━━━ AVAILABLE DATA

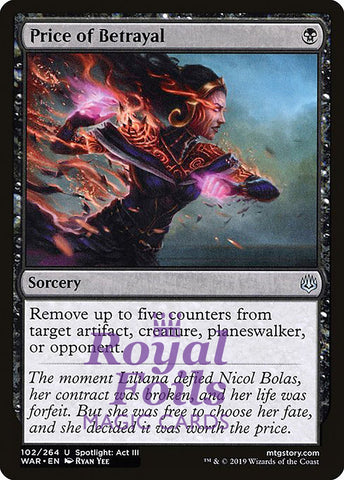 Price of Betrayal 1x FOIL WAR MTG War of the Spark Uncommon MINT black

━━━━━━
━━━ AVAILABLE DATA

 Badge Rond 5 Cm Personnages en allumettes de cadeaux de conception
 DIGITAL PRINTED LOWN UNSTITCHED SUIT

━━━━━━

_WHAT THE TASK ASKS_:
When you reach the line containing "Badge Rond 5" in the data above, start copying exactly, and stop after the line containing "DIGITAL PRINTED LOWN UNSTITCHED SUIT".

_TASK RESULT_:
 Badge Rond 5 Cm Personnages en allumettes de cadeaux de conception
 DIGITAL PRINTED LOWN UNSTITCHED SUIT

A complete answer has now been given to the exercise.